Print the whole listing below exactly, skipping every picture.

▶ COLLECTED MATERIAL

Segment Open

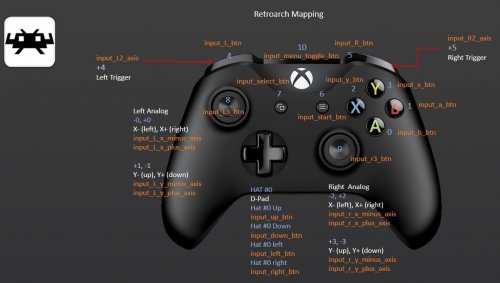 xbox button launchbox guide pause screen buttons visual pinball messes forums controller numbers sundogak edited march app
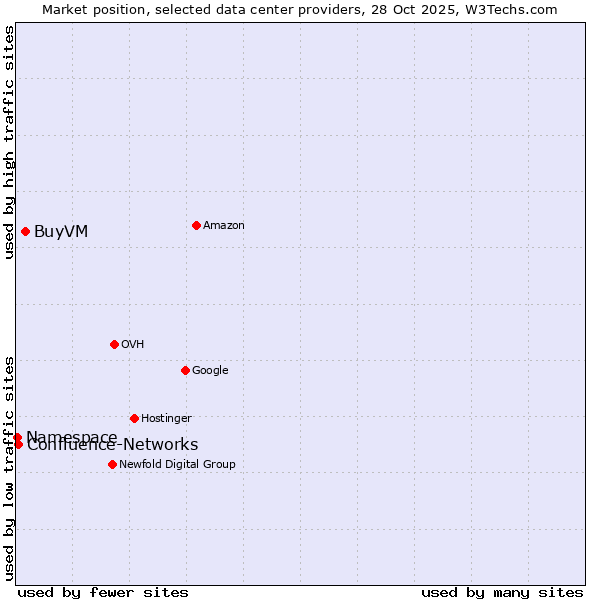 Market position of BuyVM vs. Confluence-Networks vs. Namespace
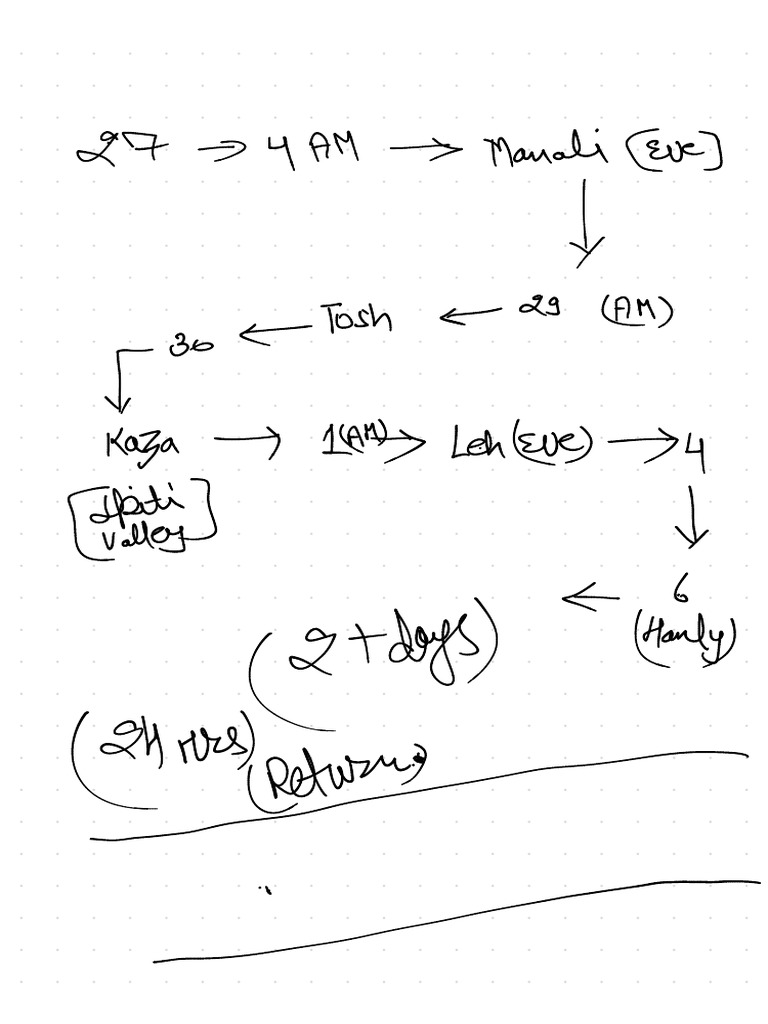 Untitled 5 | PDF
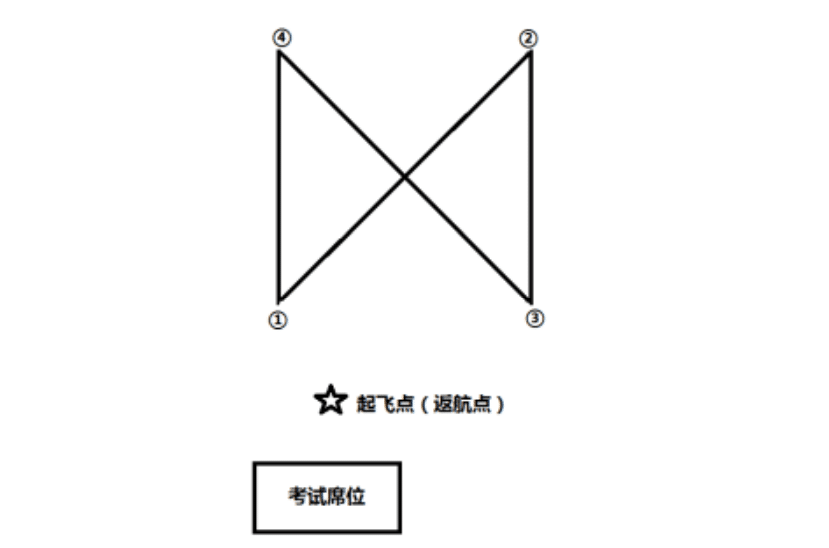 無(wú)人機(jī)地面站題庫(kù)(旋翼考題七)教學(xué)視頻插圖 無(wú)人機(jī)地面站題庫(kù)(旋翼考題七)教學(xué)視頻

Segment Closed

▶ EXERCISE RESULT
 xbox button launchbox guide pause screen buttons visual pinball messes forums controller numbers sundogak edited march app
 Market position of BuyVM vs. Confluence-Networks vs. Namespace
 Untitled 5 | PDF
 無(wú)人機(jī)地面站題庫(kù)(旋翼考題七)教學(xué)視頻插圖 無(wú)人機(jī)地面站題庫(kù)(旋翼考題七)教學(xué)視頻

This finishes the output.